» **ENTRIES SUPPLIED**:
=== Begin Enclosure ===

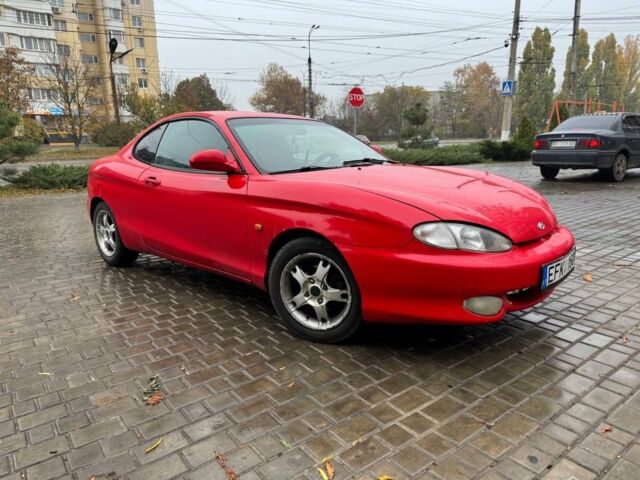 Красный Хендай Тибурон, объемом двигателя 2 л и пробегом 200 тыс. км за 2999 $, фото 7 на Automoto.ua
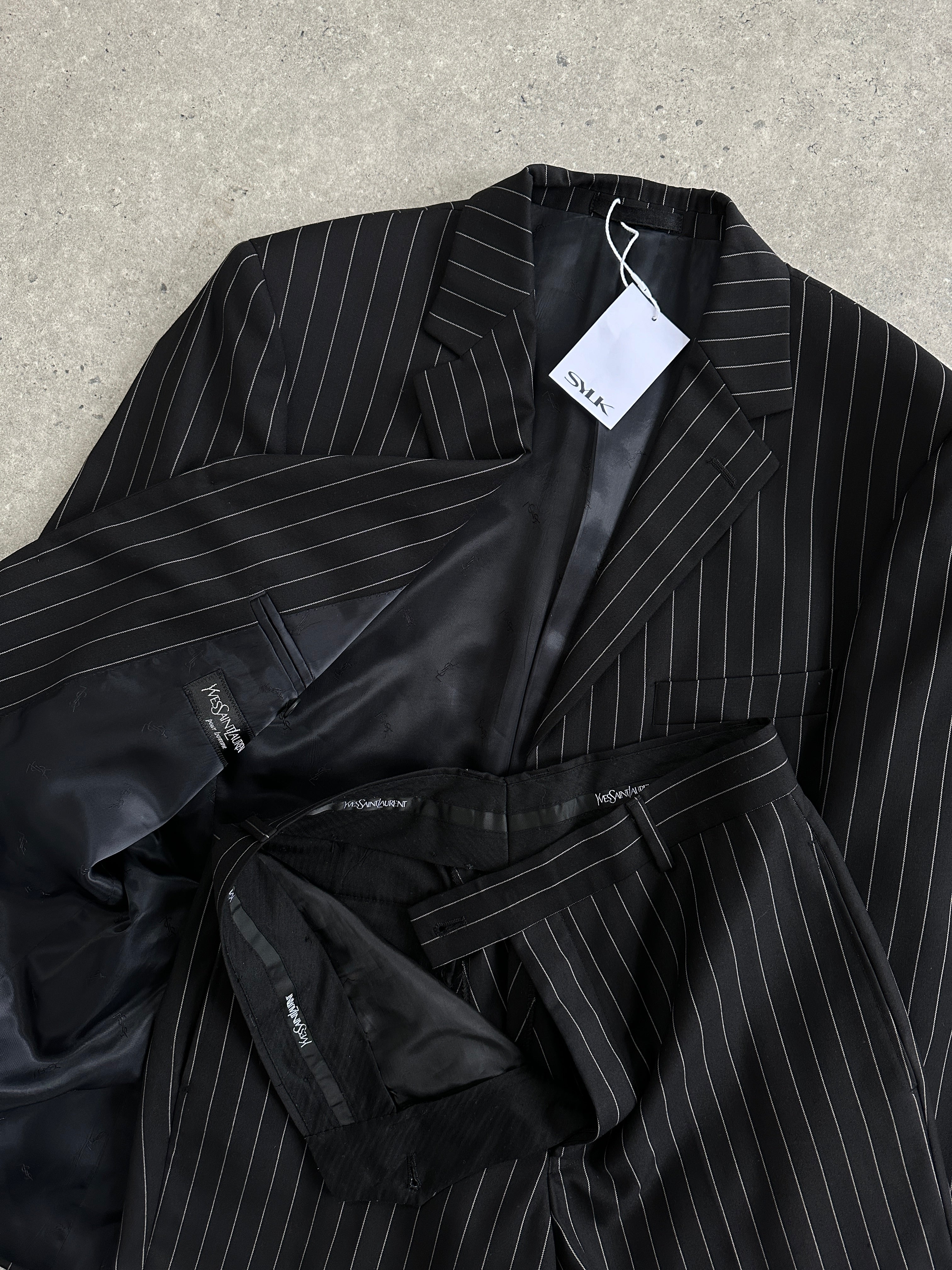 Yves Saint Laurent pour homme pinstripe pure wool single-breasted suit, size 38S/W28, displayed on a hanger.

=== End Enclosure ===
=== Begin Enclosure ===

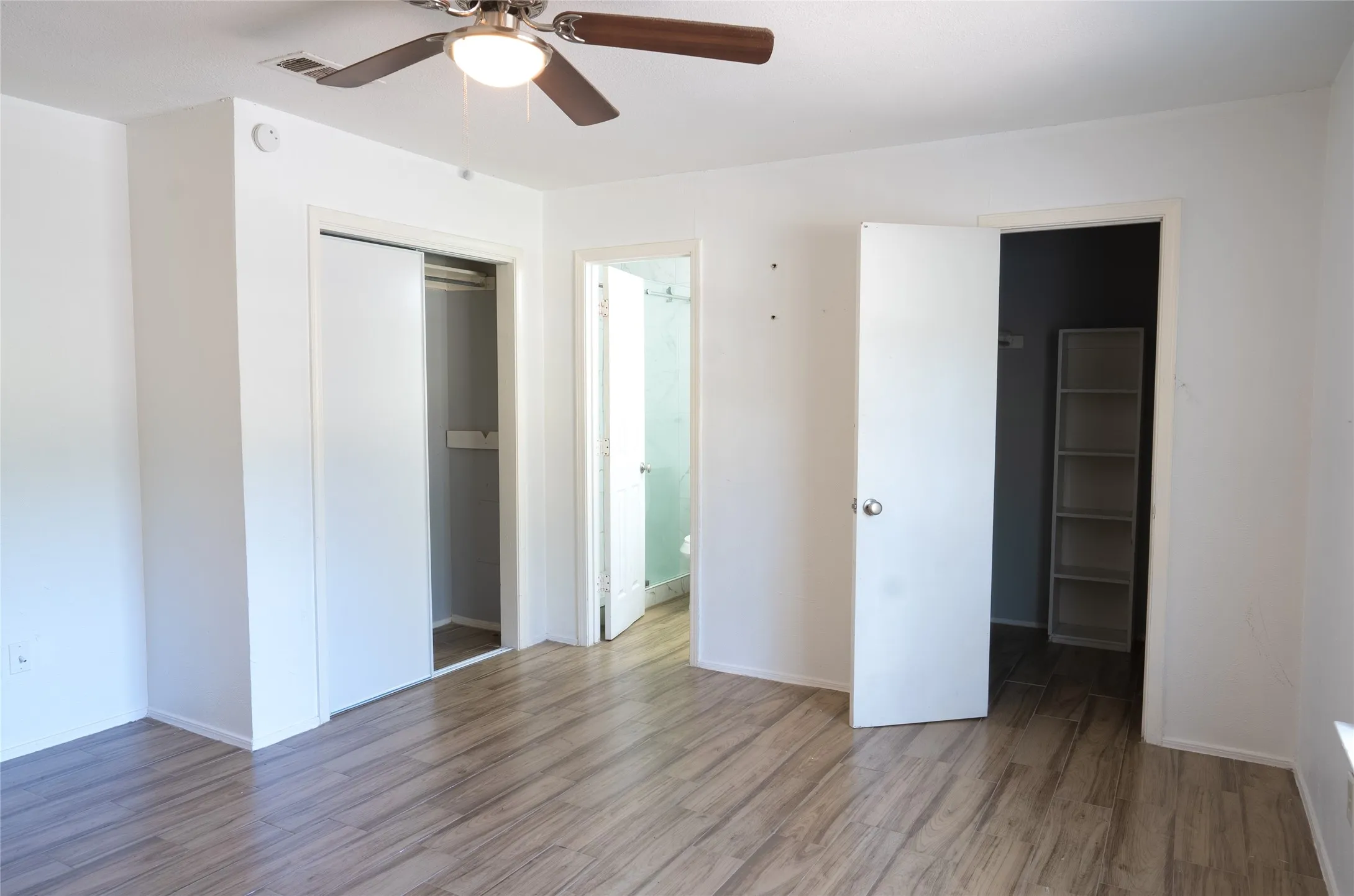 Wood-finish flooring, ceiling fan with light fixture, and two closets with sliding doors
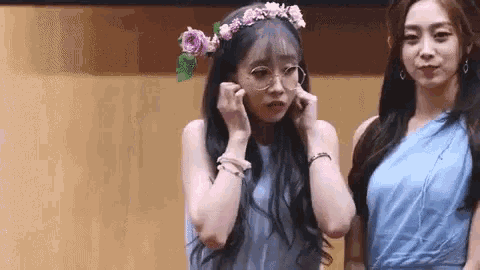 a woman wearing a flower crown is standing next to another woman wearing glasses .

=== End Enclosure ===
=== Begin Enclosure ===

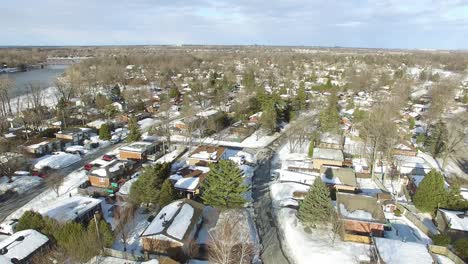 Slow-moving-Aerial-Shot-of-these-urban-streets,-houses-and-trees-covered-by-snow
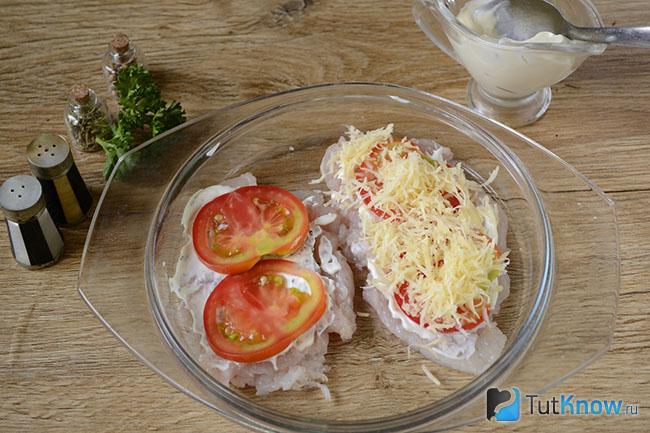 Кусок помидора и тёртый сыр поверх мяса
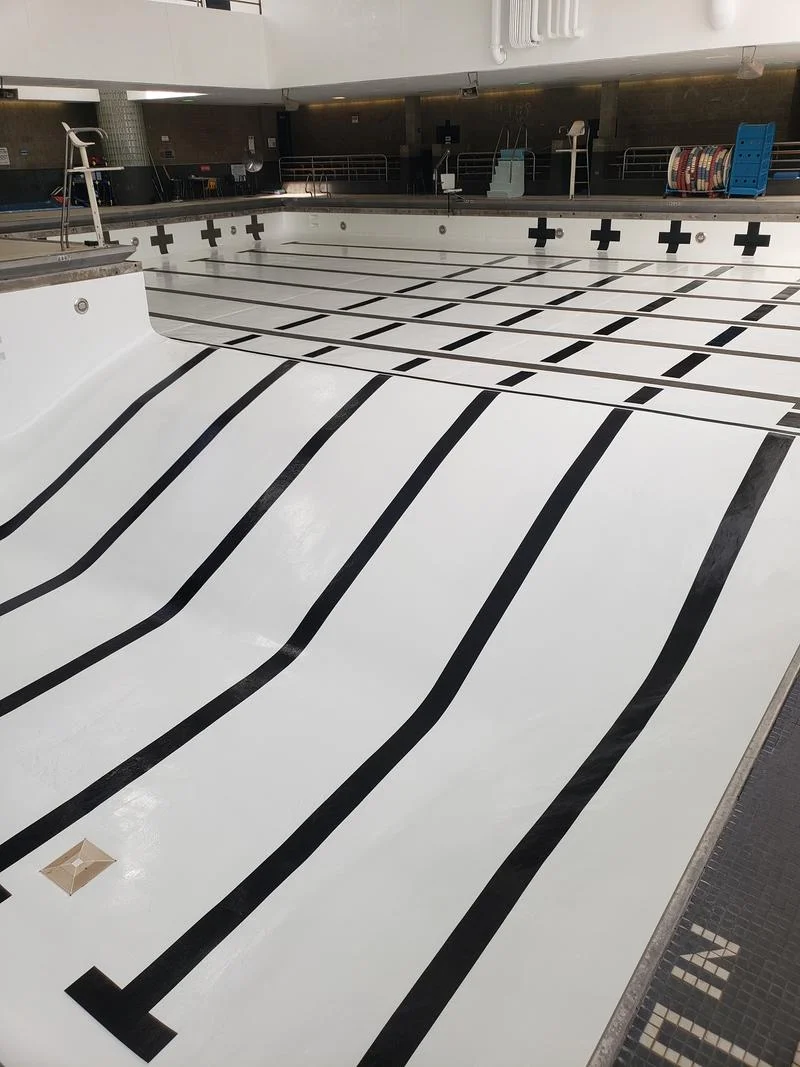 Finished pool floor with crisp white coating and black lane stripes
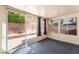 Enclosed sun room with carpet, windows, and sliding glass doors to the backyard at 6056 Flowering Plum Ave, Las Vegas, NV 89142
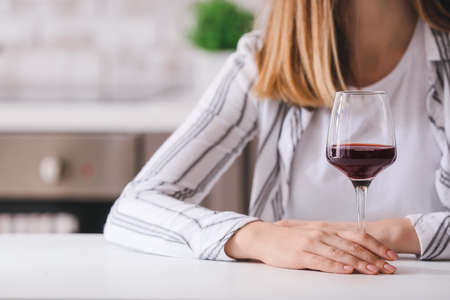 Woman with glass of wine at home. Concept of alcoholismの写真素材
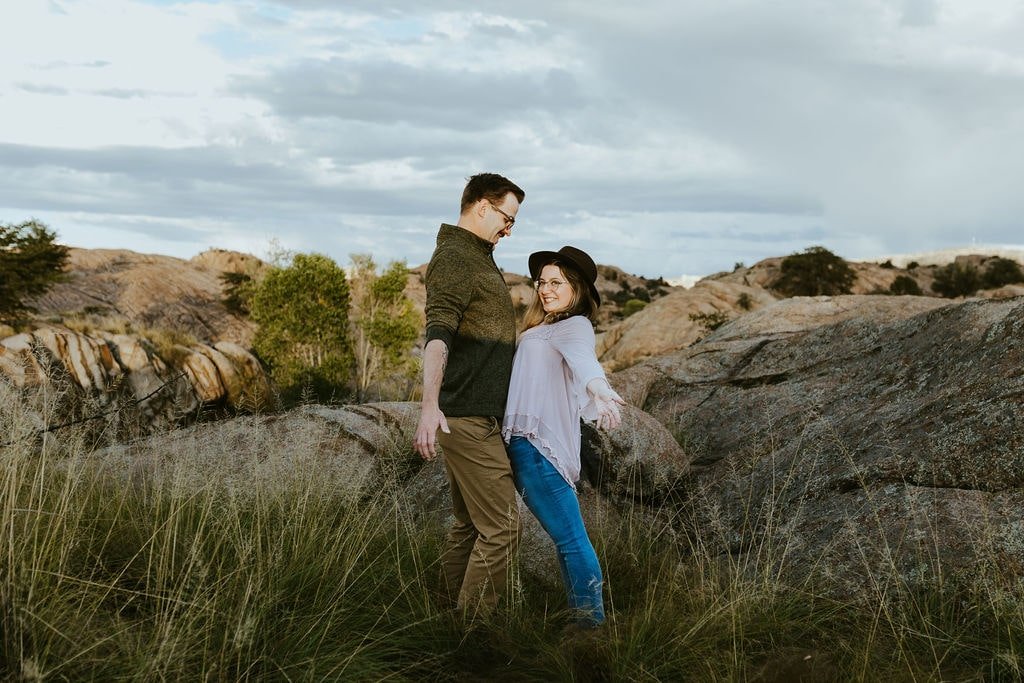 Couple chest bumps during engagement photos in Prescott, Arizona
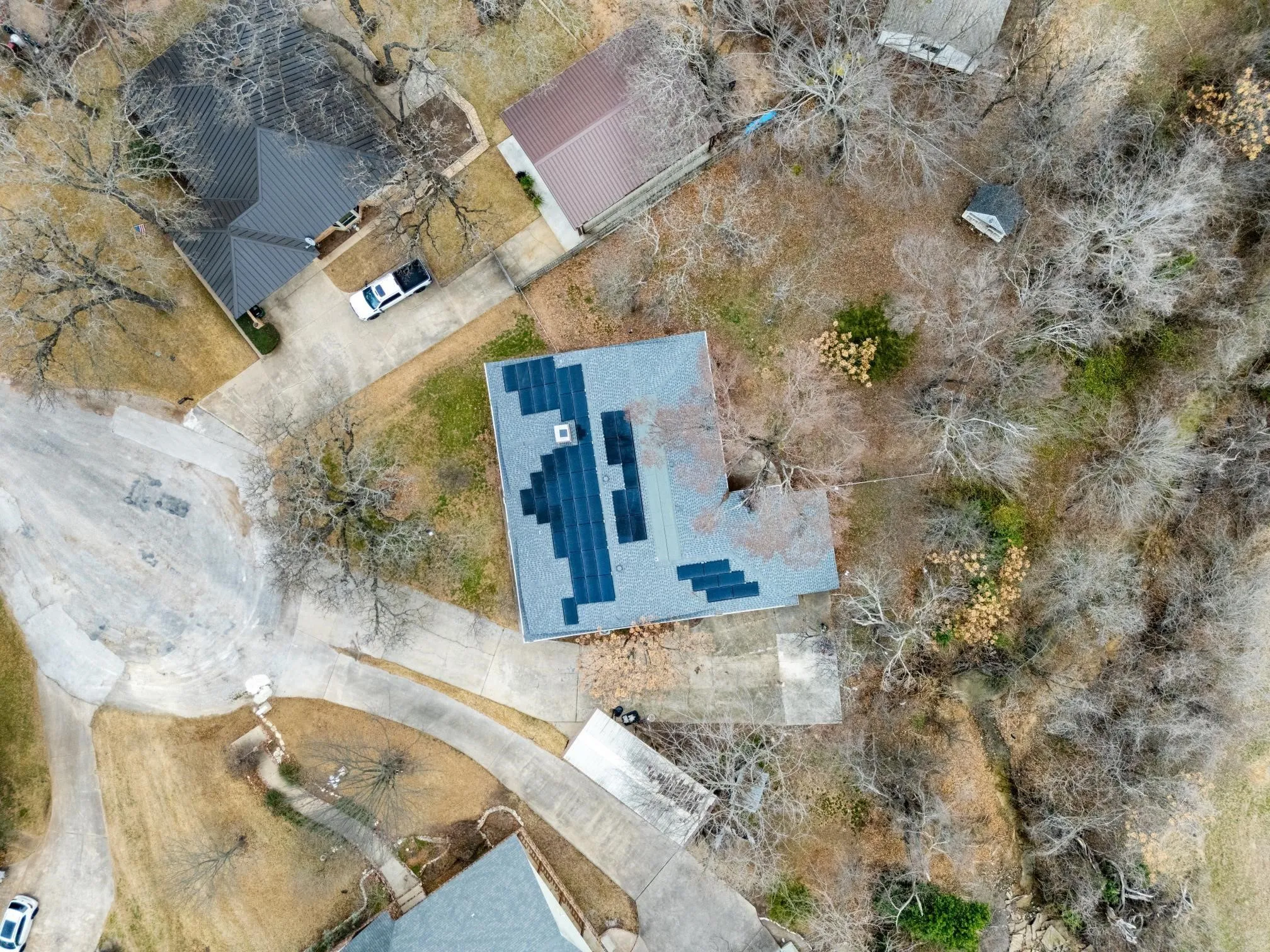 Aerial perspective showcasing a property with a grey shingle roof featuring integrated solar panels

=== End Enclosure ===

» **REQUIRED ACTION**: Among the entries above, find the line with "Woman with glass" and repeat exactly from there through the line with "Aerial perspective showcasing", leaving out the pictures.

» **ANSWER BOX**:
 Woman with glass of wine at home. Concept of alcoholismの写真素材
 Couple chest bumps during engagement photos in Prescott, Arizona
 Aerial perspective showcasing a property with a grey shingle roof featuring integrated solar panels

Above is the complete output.